In the case of blockchain, it stores information together in groups, also known as blocks, that hold sets of information together. Blocks have certain storage capacities and, when filled, are chained onto the previously filled block, forming a chain of data known as the “blockchain.” All new information that follows that freshly added block is compiled into a newly formed block that will then also be added to the chain once filled.
Data that is stored on the blockchain is timestamped and immutable which makes it tamper-proof. Blockchain is also a decentralized system that means no one owns it. Yes, you heard it right, no single person or organization holds the blockchain data but it is rather distributed across thousands of machines that volunteer to participate in blockchain network for mutual benefit.
It is this difference that makes blockchain technology so useful – it represents an innovation in information registration and distribution that eliminates the need for a trusted party to facilitate digital relationships.
Yet blockchain technology, for all its merits, is not a new technology.
Rather, it is a combination of proven technologies applied in a new way. It was the particular orchestration of three technologies (the internet, private key cryptography, and a protocol governing incentivization) that made bitcoin creator Satoshi Nakamoto’s idea so useful.
What is Bitcoin?
The goal of blockchain is to allow digital information to be recorded and distributed, but not edited. Blockchain technology was first outlined in 1991 by Stuart Haber and W. Scott Stornetta, two researchers who wanted to implement a system where document timestamps could not be tampered with. But it wasn’t until almost two decades later, with the launch of Bitcoin in January 2009, that blockchain had its first real-world application.
Bitcoin is a cryptocurrency that is built on a blockchain. In a research paper introducing the digital currency, Bitcoin’s pseudonymous creator, Satoshi Nakamoto, referred to it as “a new electronic cash system that’s fully peer-to-peer, with no trusted third party.”

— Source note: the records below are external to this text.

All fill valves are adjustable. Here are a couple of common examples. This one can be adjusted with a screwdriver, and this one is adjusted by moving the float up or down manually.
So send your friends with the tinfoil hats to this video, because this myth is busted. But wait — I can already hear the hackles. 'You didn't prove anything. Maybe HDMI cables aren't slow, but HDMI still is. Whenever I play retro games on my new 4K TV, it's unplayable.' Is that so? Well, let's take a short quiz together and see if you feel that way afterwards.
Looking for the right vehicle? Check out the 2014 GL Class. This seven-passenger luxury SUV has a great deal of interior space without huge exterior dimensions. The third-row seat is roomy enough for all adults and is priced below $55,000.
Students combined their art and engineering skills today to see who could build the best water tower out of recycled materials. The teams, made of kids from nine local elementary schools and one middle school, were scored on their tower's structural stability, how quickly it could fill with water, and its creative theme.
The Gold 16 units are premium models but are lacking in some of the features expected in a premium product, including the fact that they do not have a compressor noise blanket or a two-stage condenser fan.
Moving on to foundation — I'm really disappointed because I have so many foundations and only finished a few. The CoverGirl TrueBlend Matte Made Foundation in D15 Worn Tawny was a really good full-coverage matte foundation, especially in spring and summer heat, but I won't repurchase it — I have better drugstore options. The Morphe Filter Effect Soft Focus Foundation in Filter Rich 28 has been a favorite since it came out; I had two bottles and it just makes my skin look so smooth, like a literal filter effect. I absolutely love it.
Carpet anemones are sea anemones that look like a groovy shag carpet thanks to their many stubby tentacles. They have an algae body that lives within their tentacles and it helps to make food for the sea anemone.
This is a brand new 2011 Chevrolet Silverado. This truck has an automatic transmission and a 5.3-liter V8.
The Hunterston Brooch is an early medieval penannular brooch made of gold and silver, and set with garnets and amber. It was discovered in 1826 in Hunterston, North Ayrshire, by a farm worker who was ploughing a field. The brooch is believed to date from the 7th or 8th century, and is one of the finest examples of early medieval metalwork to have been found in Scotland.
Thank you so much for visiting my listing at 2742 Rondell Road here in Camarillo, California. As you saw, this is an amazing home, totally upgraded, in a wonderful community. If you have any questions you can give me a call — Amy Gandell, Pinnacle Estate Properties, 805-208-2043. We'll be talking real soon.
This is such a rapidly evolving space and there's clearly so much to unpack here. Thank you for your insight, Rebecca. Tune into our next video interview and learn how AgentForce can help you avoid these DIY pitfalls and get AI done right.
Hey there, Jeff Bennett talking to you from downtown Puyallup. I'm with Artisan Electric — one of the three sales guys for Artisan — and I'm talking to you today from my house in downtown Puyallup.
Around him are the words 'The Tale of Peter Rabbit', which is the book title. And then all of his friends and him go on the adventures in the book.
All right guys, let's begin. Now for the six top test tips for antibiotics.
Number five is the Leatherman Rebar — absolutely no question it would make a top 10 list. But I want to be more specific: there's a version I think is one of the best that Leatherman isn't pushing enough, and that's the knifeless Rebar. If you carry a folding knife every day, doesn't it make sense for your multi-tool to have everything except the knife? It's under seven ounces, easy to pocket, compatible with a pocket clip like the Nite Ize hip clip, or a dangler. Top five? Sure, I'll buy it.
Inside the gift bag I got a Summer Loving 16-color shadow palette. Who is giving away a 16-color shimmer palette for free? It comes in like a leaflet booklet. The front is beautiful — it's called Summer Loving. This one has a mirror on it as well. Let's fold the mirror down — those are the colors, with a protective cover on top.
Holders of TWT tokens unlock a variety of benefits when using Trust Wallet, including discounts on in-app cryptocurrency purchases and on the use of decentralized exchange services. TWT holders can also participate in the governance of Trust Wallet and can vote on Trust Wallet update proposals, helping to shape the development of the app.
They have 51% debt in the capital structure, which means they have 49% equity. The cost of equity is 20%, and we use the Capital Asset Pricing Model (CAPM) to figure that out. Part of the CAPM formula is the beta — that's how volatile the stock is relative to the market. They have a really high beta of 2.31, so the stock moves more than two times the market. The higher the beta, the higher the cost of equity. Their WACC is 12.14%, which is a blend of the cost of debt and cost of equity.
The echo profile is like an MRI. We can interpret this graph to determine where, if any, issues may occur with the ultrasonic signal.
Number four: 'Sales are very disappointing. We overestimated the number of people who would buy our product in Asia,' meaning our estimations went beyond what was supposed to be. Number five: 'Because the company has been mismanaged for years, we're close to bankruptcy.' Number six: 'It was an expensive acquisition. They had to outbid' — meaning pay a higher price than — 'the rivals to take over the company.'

The key thing to understand here is that Bitcoin merely uses blockchain as a means to transparently record a ledger of payments, but blockchain can, in theory, be used to immutably record any number of data points. As discussed above, this could be in the form of transactions, votes in an election, product inventories, state identifications, deeds to homes, and much more.
Currently, there is a vast variety of blockchain-based projects looking to implement blockchain in ways to help society other than just recording transactions. One good example is that of blockchain being used as a way to vote in democratic elections. The nature of blockchain’s immutability means that fraudulent voting would become far more difficult to occur.
For example, a voting system could work such that each citizen of a country would be issued a single cryptocurrency or token. Each candidate would then be given a specific wallet address, and the voters would send their token or crypto to whichever candidate’s address they wish to vote for. The transparent and traceable nature of blockchain would eliminate the need for human vote counting as well as the ability of bad actors to tamper with physical ballots.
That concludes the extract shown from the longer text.